[v2] ipsec: optimize with c11 atomic for sa outbound sqn update
Checks
Commit Message
For SA outbound packets, rte_atomic64_add_return is used to generate
SQN atomically. This introduced an unnecessary full barrier by calling
the '__sync' builtin implemented rte_atomic_XX API on aarch64. This
patch optimized it with c11 atomic and eliminated the expensive barrier
for aarch64.
Signed-off-by: Phil Yang <phil.yang@arm.com>
Reviewed-by: Ruifeng Wang <ruifeng.wang@arm.com>
Reviewed-by: Gavin Hu <gavin.hu@arm.com>
---
v2:
split from the "generic rte atomic APIs deprecate proposal" patchset.

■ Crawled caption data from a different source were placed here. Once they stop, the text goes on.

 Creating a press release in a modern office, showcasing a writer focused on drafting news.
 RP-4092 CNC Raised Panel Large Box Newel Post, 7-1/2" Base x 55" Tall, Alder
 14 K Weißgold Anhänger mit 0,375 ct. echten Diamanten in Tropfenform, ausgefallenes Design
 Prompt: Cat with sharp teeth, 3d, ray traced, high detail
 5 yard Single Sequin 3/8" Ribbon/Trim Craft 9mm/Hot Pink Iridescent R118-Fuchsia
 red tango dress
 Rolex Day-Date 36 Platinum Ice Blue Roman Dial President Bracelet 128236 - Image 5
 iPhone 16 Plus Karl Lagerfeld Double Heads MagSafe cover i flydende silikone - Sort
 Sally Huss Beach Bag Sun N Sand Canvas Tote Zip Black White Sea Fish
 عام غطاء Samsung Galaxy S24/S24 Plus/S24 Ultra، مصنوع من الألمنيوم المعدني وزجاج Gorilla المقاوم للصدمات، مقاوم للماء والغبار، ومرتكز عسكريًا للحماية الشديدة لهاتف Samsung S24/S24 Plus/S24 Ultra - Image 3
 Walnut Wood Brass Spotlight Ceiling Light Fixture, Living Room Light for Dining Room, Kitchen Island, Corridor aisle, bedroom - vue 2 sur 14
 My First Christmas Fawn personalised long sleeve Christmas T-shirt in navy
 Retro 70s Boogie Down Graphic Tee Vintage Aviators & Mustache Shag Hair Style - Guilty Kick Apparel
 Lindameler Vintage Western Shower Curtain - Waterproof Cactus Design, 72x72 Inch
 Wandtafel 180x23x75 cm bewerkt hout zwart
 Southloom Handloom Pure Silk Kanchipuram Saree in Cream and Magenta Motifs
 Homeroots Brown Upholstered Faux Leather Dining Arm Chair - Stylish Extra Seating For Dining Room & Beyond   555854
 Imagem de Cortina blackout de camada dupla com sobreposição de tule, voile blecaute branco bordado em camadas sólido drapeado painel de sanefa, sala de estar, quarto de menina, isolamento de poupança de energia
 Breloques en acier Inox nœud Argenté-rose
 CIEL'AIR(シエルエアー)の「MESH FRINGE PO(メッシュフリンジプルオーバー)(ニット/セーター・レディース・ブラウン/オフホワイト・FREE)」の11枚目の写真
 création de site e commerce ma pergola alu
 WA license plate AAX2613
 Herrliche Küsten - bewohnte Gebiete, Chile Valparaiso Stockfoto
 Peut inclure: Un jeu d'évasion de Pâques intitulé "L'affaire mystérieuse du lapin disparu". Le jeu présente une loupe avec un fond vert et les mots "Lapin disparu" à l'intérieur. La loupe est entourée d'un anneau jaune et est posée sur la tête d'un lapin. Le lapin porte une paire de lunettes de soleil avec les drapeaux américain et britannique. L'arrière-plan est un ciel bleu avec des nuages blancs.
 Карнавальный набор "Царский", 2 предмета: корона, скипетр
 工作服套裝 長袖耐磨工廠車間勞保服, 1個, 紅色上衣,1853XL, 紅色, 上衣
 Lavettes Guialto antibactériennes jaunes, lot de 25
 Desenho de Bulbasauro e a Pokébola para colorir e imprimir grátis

lib/librte_ipsec/ipsec_sqn.h | 3 ++-
lib/librte_ipsec/meson.build | 5 +++++
lib/librte_ipsec/sa.h | 2 +-
3 files changed, 8 insertions(+), 2 deletions(-)
Comments
On Thu, Apr 23, 2020 at 10:47 PM Phil Yang <phil.yang@arm.com> wrote:
>
> For SA outbound packets, rte_atomic64_add_return is used to generate
> SQN atomically. This introduced an unnecessary full barrier by calling
> the '__sync' builtin implemented rte_atomic_XX API on aarch64. This
> patch optimized it with c11 atomic and eliminated the expensive barrier
> for aarch64.
>
> Signed-off-by: Phil Yang <phil.yang@arm.com>
> Reviewed-by: Ruifeng Wang <ruifeng.wang@arm.com>
> Reviewed-by: Gavin Hu <gavin.hu@arm.com>
> diff --git a/lib/librte_ipsec/meson.build b/lib/librte_ipsec/meson.build
> index fc69970..9335f28 100644
> --- a/lib/librte_ipsec/meson.build
> +++ b/lib/librte_ipsec/meson.build
> @@ -6,3 +6,8 @@ sources = files('esp_inb.c', 'esp_outb.c', 'sa.c', 'ses.c', 'ipsec_sad.c')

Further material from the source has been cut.